SEC’s OCIE Announces Its 2015 Examination Priorities
The SEC’s Office of Compliance Inspections and Examinations (OCIE), which is responsible for conducting regulatory examinations of investment advisers, investment companies, broker-dealers, SROs, clearing agencies and transfer agents, recently published its examination priorities for 2015, which are focused on three main areas of interest: (i) retail investors and investing for retirement, (ii) market-wide risks and (iii) data analytics. The examination priorities provide a useful map of areas where SEC-regulated entities should pay special attention in evaluating their business practices, compliance infrastructure and controls.
Retail Investors and Retirement Products – OCIE intends to focus on investment products and services being developed for, and marketed to, retail investors, particularly investors that are investing for retirement, and the various conflicts of interest presented for SEC regulated entities in this context. OCIE plans to review fee structures for client accounts, as well as sales, due diligence and disclosure practices of advisers, brokers and registered representatives in recommending or selecting investment products, and whether appropriate suitability determinations are being made, among other issues. In particular, OCIE indicates that it will be taking a closer look at examinees’ recommendations regarding the movement of retirement assets from employer sponsored accounts into other types of investments. Of particular interest to OCIE are the various products and services that have typically been offered only to institutional investors, but are now being offered to retail investors in various forms. For example, OCIE intends to focus on “alternative” investment funds, which are funds sold to retail investors that offer alternative investments or that have an underlying alternative investment (e.g., hedge fund) strategy. OCIE plans to review these funds to assess the adequacy of the funds’ leverage, liquidity and valuation policies and procedures, the adequacy of their internal controls and the manner in which the funds are marketed to investors. Fixed income funds will also be an area of OCIE focus due to concern over the funds’ potential interest rate exposure in a rising interest rate environment, and OCIE will be reviewing the funds’ disclosure for consistency with their liquidity profiles and trading controls, among other things. OCIE also indicates that it will review registrants’ supervision of registered representatives and financial advisors in branch offices for deficiencies in compliance practices, and will employ data analytics in doing so.
Market-Wide Risks – OCIE intends to examine firms with a view toward structural risks and trends that may impact a multitude of market participants or entire industries. In coordination with the Division of Trading and Markets and the Division of Investment Management, OCIE expects to review large broker-dealers and asset managers as potential sources of systemic risk, and will continue its risk-based examinations of systemically important clearing agencies as required by the Dodd-Frank Act. Cybersecurity will also be a continuing area of focus for OCIE, which will expand last year’s initiative to assess cybersecurity controls across a range of firms, including broker-dealers and investment advisers. Finally, OCIE will evaluate broker-dealers’ compliance with their best execution duties in routing equity order flow, examining whether brokers are prioritizing trading venues based on credits or payments for order flow.

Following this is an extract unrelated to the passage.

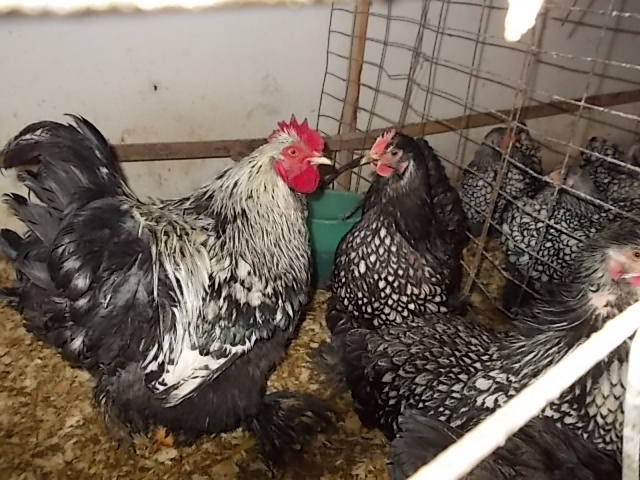 Picture 017; cochinchina argintiu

Data Analytics – OCIE reports that significant enhancements to its data analytics capabilities made over the past several years have enabled it to more efficiently analyze large amounts of data. OCIE intends to use these capabilities to focus on broker-dealers and registered representatives, among others, that appear to be engaged in potentially fraudulent or illegal activity. Data analytics will be used by OCIE to locate registered representatives with checkered disciplinary histories, and to examine firms that employ them. Data analytics will also be used to monitor broker and transfer agent activity in order to identify potential microcap fraud (e.g., pump and dump schemes and other market manipulation), as well as excessive trading. Additionally, OCIE intends to employ data analytics to more effectively monitor clearing brokers’ and introducing brokers’ compliance with anti-money laundering (AML) regulations.
Other Initiatives – In addition to the three main areas of focus listed above, the examination priorities list includes a number of other areas where OCIE intends to allocate resources in 2015, including newly-registered municipal advisors, proxy services, never-before-examined investment companies, private equity fees and expenses (an area where OCIE has apparently found a high level of deficiencies during exams) and transfer agents (particularly those involved with microcap securities and private offerings).
Conclusion – OCIE notes that the priorities list is not exhaustive and may evolve over the course of the coming year based on market conditions, ongoing risk assessments and industry developments, as well as tips, complaints and referrals from investors and others. Moreover, data analytics, which have also been successfully deployed by the SEC’s Division of Enforcement, will undoubtedly have a significant ongoing influence on OCIE’s priorities. In any event, SEC-regulated entities would be well-served to take the 2015 examination priorities list into account when evaluating their current and planned business activities, and assessing the sufficiency of their compliance infrastructure and controls.